Aim of the exercise
Of the lines in the material below, print only those from the one containing "MC KEES ROCKS Apartment: 103 Ella St" to the one containing "Dachgeschoßwohnung Hilchenbach - 3", ends included, exactly as written and without pictures.

Input data section start

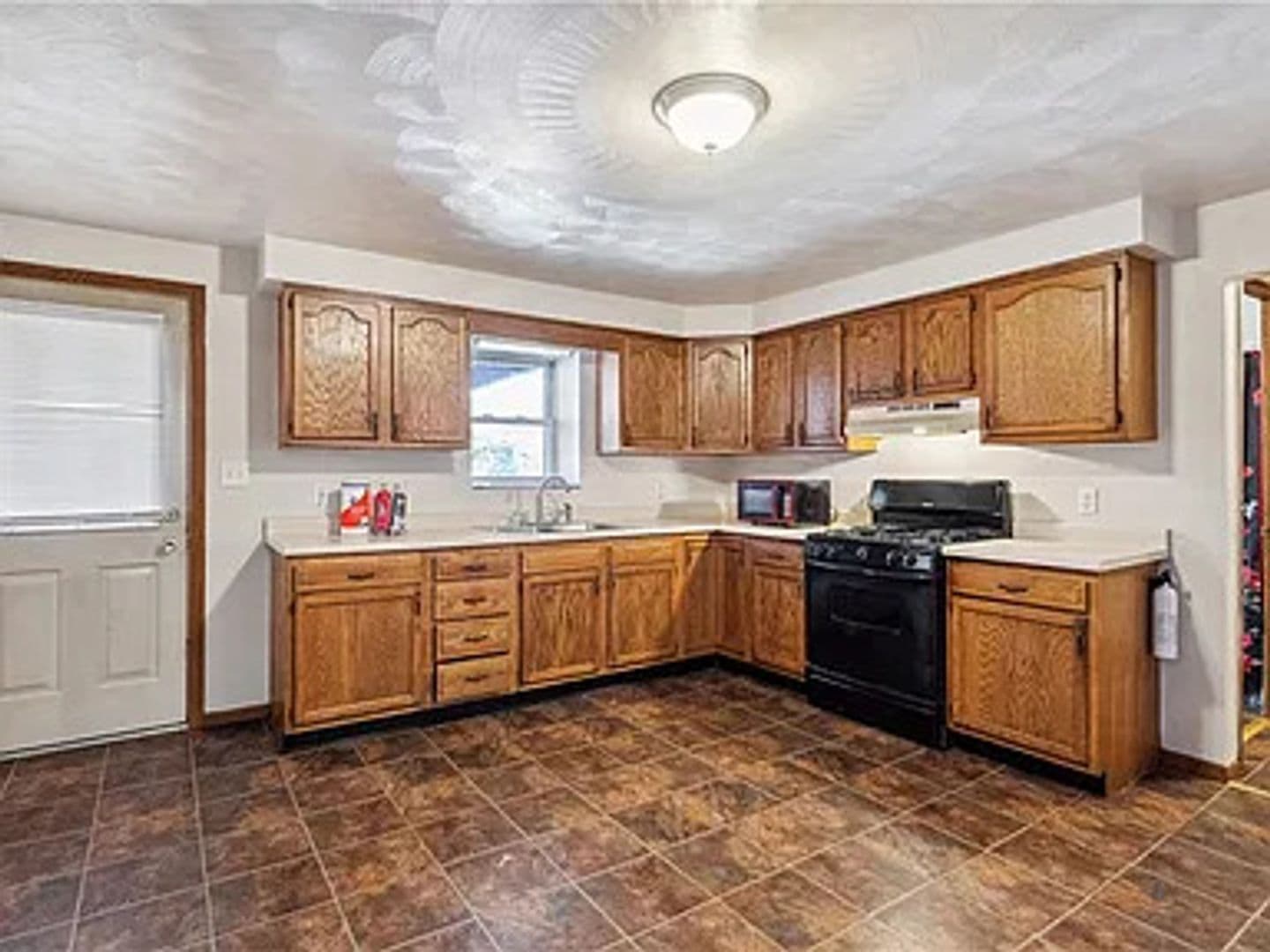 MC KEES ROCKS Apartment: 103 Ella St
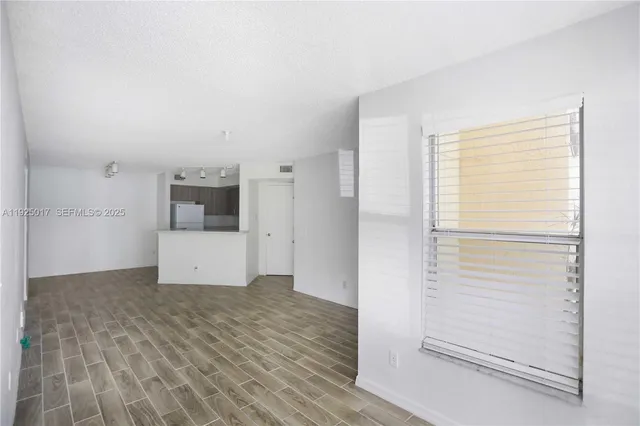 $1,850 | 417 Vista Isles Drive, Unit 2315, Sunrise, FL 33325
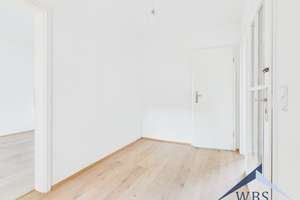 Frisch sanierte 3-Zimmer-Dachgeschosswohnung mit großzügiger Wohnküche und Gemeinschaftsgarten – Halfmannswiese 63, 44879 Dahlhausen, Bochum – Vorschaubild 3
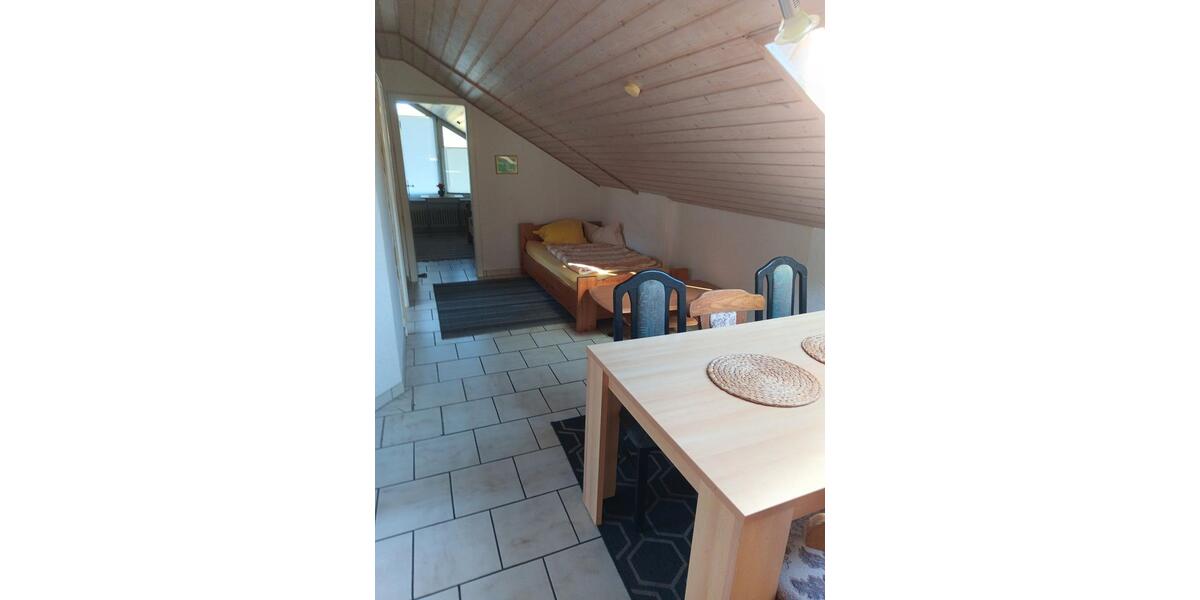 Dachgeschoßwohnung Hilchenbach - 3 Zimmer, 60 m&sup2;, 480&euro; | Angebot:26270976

Input data section end
Input data section start

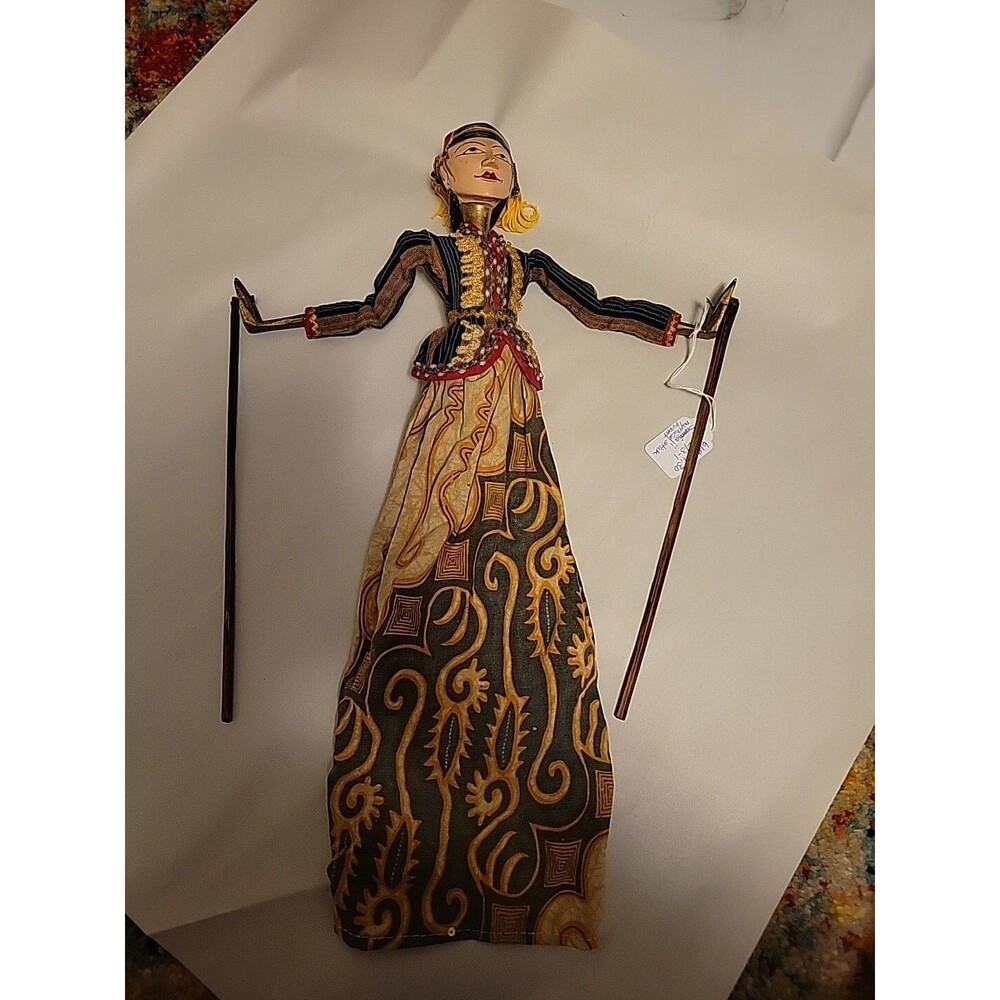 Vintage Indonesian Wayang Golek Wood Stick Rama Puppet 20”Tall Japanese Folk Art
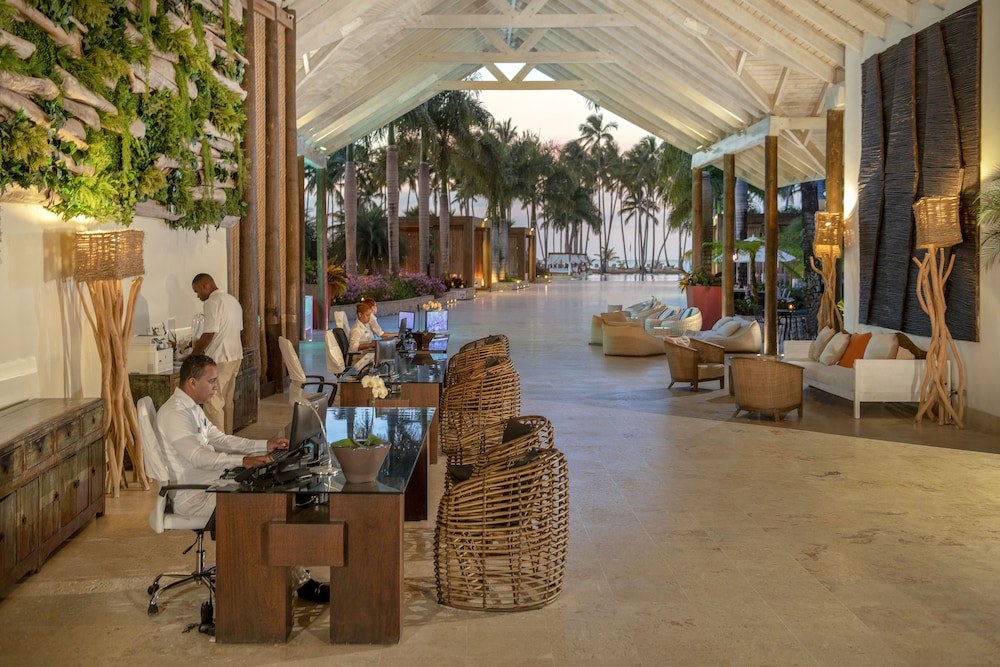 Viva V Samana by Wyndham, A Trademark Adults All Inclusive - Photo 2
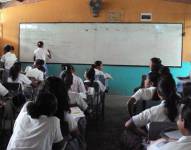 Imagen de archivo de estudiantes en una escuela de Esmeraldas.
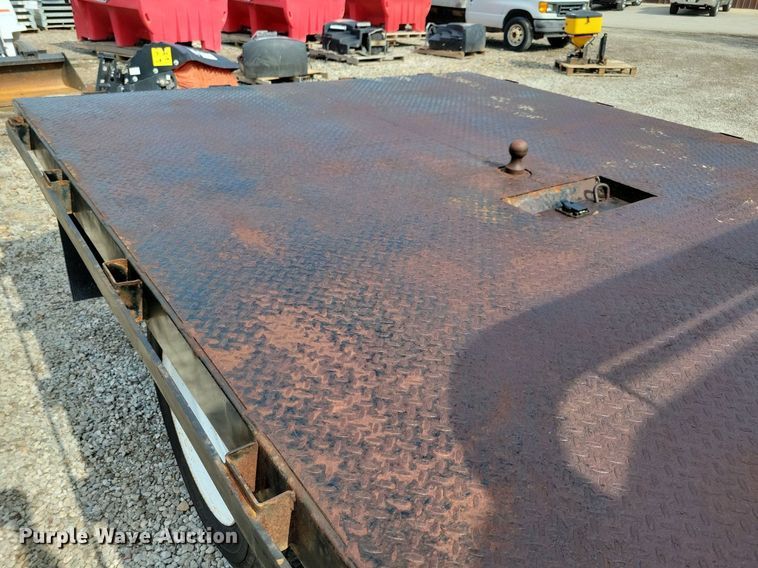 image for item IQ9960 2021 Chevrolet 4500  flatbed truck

Input data section end

Reply to the task
 MC KEES ROCKS Apartment: 103 Ella St
 $1,850 | 417 Vista Isles Drive, Unit 2315, Sunrise, FL 33325
 Frisch sanierte 3-Zimmer-Dachgeschosswohnung mit großzügiger Wohnküche und Gemeinschaftsgarten – Halfmannswiese 63, 44879 Dahlhausen, Bochum – Vorschaubild 3
 Dachgeschoßwohnung Hilchenbach - 3 Zimmer, 60 m&sup2;, 480&euro; | Angebot:26270976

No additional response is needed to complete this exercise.